Orange County Executive Edward A. Diana recently presented Rebekah Ortiz, a resident of Westtown, with the 2011 Orange County Human Rights Commission’s annual scholarship.
The scholarship, a $500 cash prize, recognizes Ortiz for her efforts to further human rights awareness and cultural acceptance on a local and national level.
Ortiz, a 2011 Minisink Valley High School graduate, was an active participant in her school’s activities, serving as President of the Student Council and the Key Club her senior year, as well as Director of Students Against Destructive Decisions (SADD) for her last two years. She is also involved with many nation-wide environmental groups, spending time lobbying and advocating in Washington, D.C.
“Rebekah, through her countless academic, volunteer, and extracurricular activities, exemplifies the goals and mission of the Human Rights Commission to promote respect and understanding throughout the community,” said County Executive Diana. “As an educator for more than 30 years, I’ve witnessed many students with Rebekah’s passion continue on to change society,” continued Diana. “I wish her further success.”

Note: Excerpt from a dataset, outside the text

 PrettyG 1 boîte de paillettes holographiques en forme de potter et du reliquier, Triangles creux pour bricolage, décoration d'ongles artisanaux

An accomplished student, Ortiz was also the recipient of a Susan B. Anthony and Fredrick Douglass Award for outstanding high school juniors in leadership and academics, the Zonta International Young Women in Public Affairs Award, and two Sojourner Truth Awards for Citizenship, among many others.

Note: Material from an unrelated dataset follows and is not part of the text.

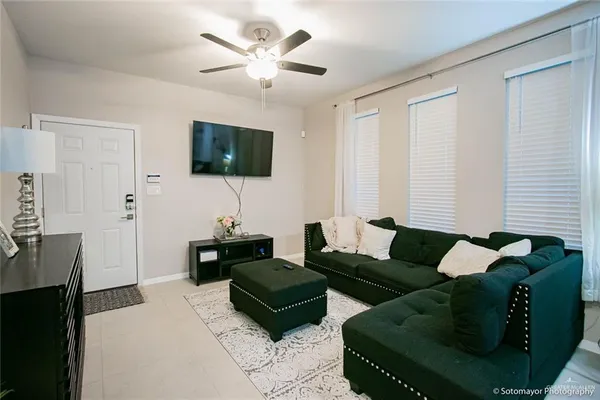 $1,190 | 5609 Swallow Avenue, Unit 2, McAllen, TX 78573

“On behalf of the Human Rights Commission, it’s my honor to present Rebekah with the 2011 scholarship,” said Kathleen Francese, vice chair of the Human Rights Commission and Scholarship committee chair. “She volunteers countless hours to advance the causes she is passionate about. We believe that she is a role model to the community and are proud to award her this scholarship.”
Ortiz is planning to study civil environmental infrastructure engineering, starting her undergraduate career at Northern Virginia Community College. Afterward, she hopes to continue working as a human rights activist in Washington, D.C.
In addition to her innumerable volunteer and extracurricular achievements, Ortiz is an active participant in many of her church activities.
The Orange County Human Rights Commission has been presenting the scholarship since 2006. It is funded through proceeds from the Commission’s annual dinner held each April.
The dinner recognizes community members who support human rights efforts in Orange County.